■ **Data records**:
_ _ _ _
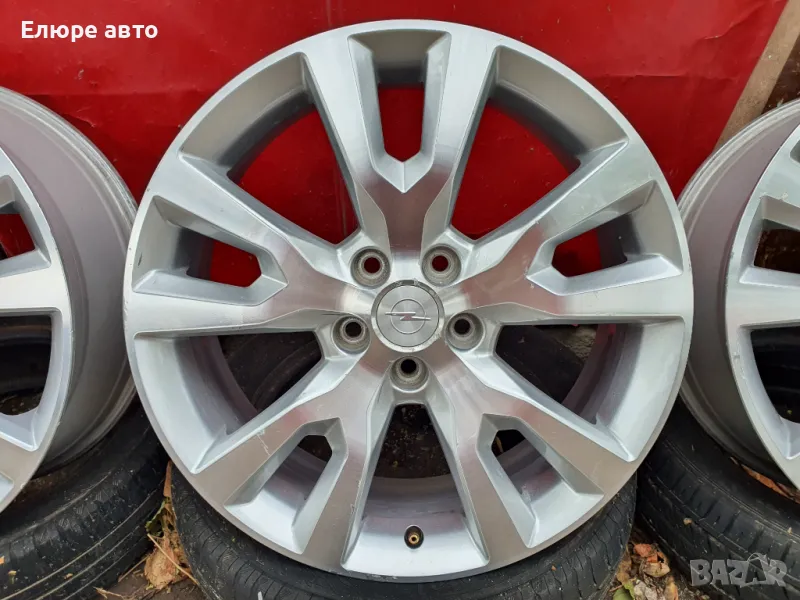 Джанти за Опел 5x115x7J19ет45, снимка 1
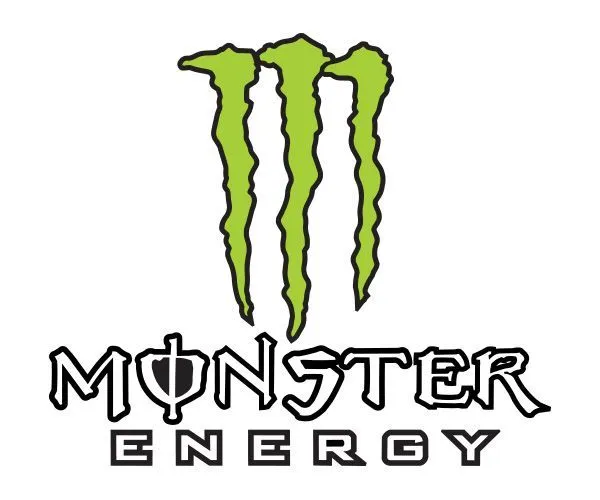 Monster Energy Logo Vector | Cool moster symbols | Pinterest
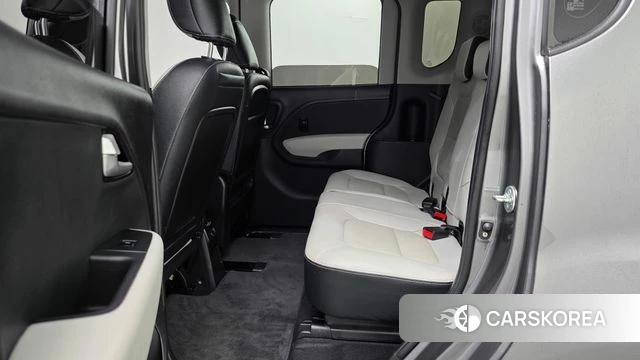 Kia The New Kia Ray 2023 Серый из Кореи, фото 3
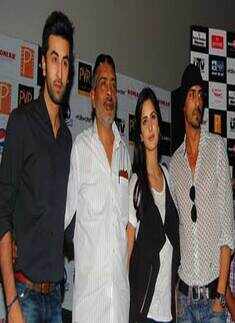 Press meet: 'Raajneeti'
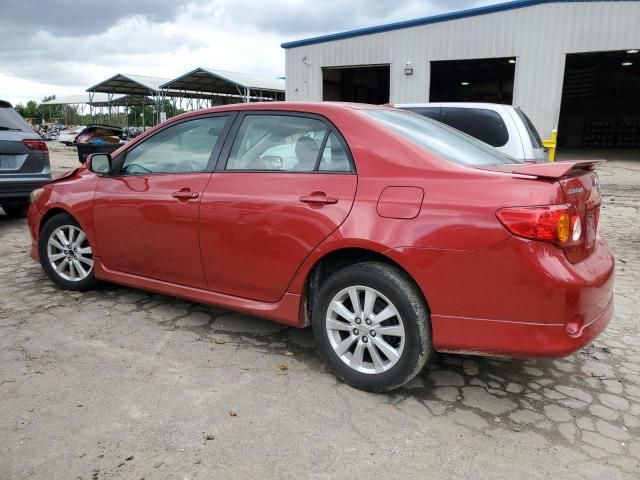 2009 Toyota Corolla Base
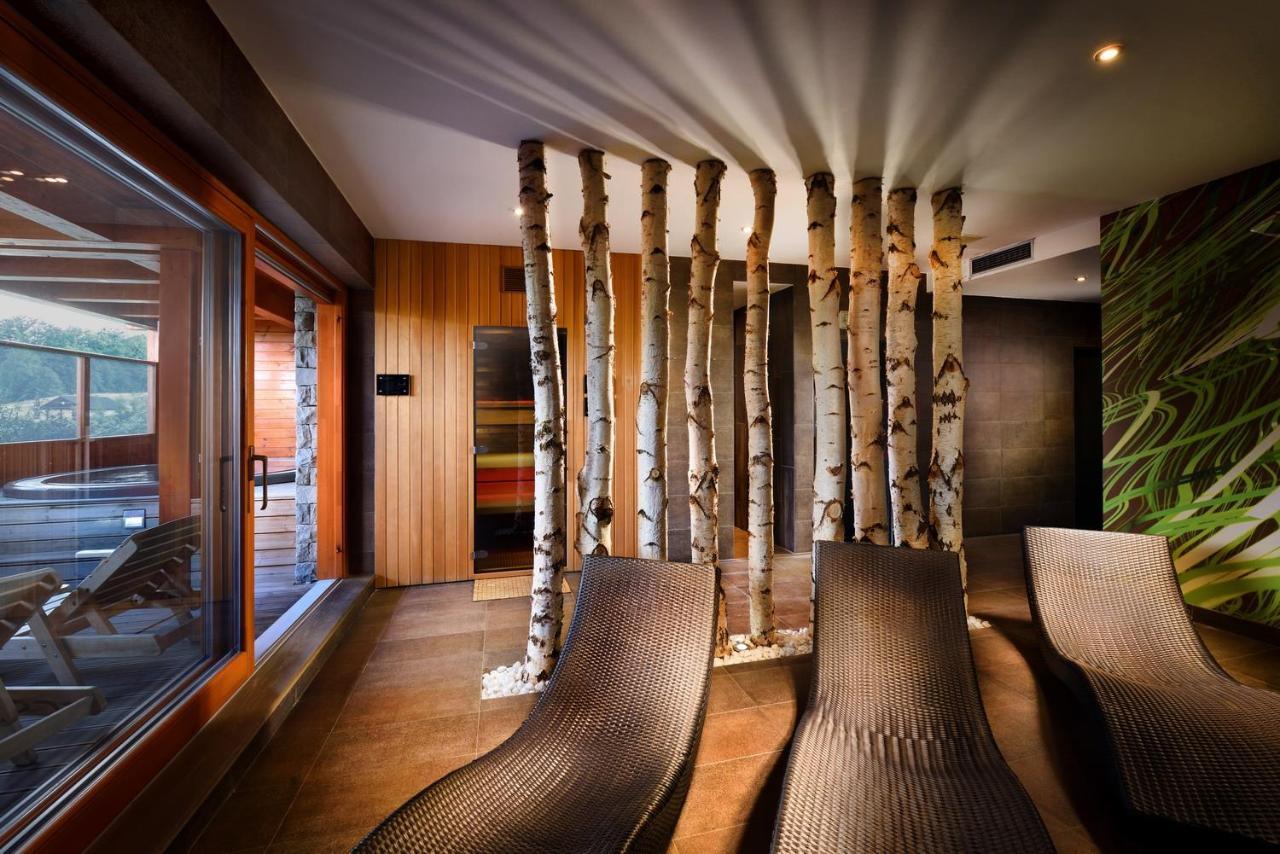 Green Inn Hotel Ostravice Dış mekan fotoğraf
_ _ _ _
■ **Exercise**:
Write out again, word for word, only the lines from the one with "Press meet: 'Raajneeti'" through the last line of the material, and omit each picture.

■ **Solution to this problem**:
 Press meet: 'Raajneeti'
 2009 Toyota Corolla Base
 Green Inn Hotel Ostravice Dış mekan fotoğraf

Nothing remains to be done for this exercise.